APS News

Preparing Physicists for Entrepreneurship

A recent APS conference brought together physics educators to develop ways to add more innovation and business training to their curricula.

June 9, 2014

Physics professors are pushing to incorporate more business and innovation education into their departments' curricula. At a meeting at the American Center for Physics in College Park, MD, on June 5-6, professors from across the country and Canada gathered to develop strategies to encourage their home intuitions to teach physics students entrepreneurship skills.

"This meeting is intended to seed a movement," said Crystal Bailey, the careers program manager at APS and organizer of the conference, "Reinventing the Physicist: Innovation and Entrepreneurship Education for the 21st Century".
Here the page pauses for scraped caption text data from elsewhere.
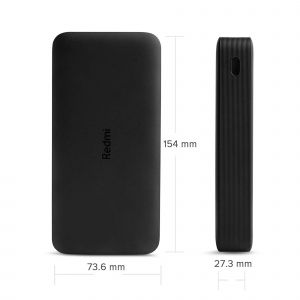 VXN4304 - Black_1.jpeg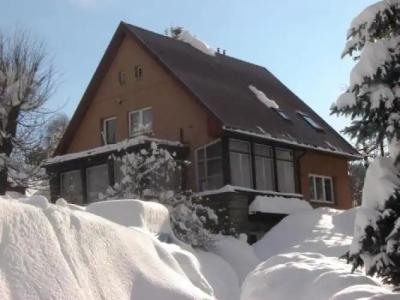 Apartmány Ajka - 0
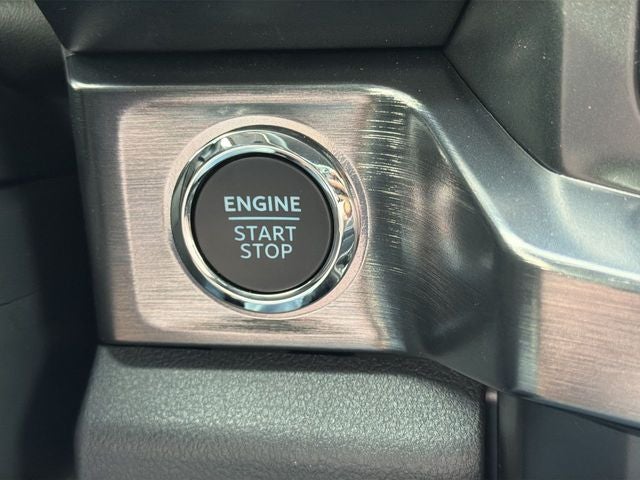 2026 Ford Super Duty ROUSH F-250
"It is not going to be a one-off conference where we write a report and we're done. This group is going to continue to meet, continue to share ideas, and continue to build a community of practitioners and this meeting is the first step in the process."

She added that the organizers are hoping to create a network of college physics departments to share ideas and best practices for building up entrepreneurship physics education.

"We want to make entrepreneurship and innovation education as robust in the physics curricula as it has been in the engineering curricula for the last two decades." Bailey said. "Basically the engineers have been doing this for 20 years, so there's no reason that physicists can't do that too."

Entrepreneurship education would include non-physics courses about finance, intellectual property, business plans, communication, and presentation. About 97 percent of students who earn a physics bachelor's degree don't go on to become tenured faculty and instead enter the private sector.

"If you go into the private sector, clearly you need to know a whole lot of stuff that isn't physics," said Douglas Arion, a professor of entrepreneurship at Carthage College. "The truth of the matter is we all learn by the seat of our pants, but that's not necessarily the best way to do it."

Presenters at the conference said also that a better entrepreneurship program could help recruit and retain physics students. Universities that implemented business-focused programs have seen their department sizes grow.

"We had to think hard about how we get students back into physics," said Randy Tagg of the University of Colorado. "Present conditions are really excellent for student innovators."

In addition to entrepreneurship, presenters also emphasized the need to teach technical skills to undergraduates and high school students. Tagg started an "Innovation Hyperlab" at a high school in Aurora, Colorado, for high school students to get hands-on experience learning the basics of mechanical engineering, electronics, materials science, and even some nanotech by designing and building their own projects.

"I really want to make it a full fledged [Jet Propulsion Lab] in a single building," Tagg said. "Providing space, technical resources, and on-demand learning enables students, teachers and working scientists and engineers to collaborate on innovation that society greatly needs."

Duncan Moore, who teaches entrepreneurship at the University of Rochester, highlighted how many of his students had gone on to start their own companies, and how that in turn benefits both the school and the local community.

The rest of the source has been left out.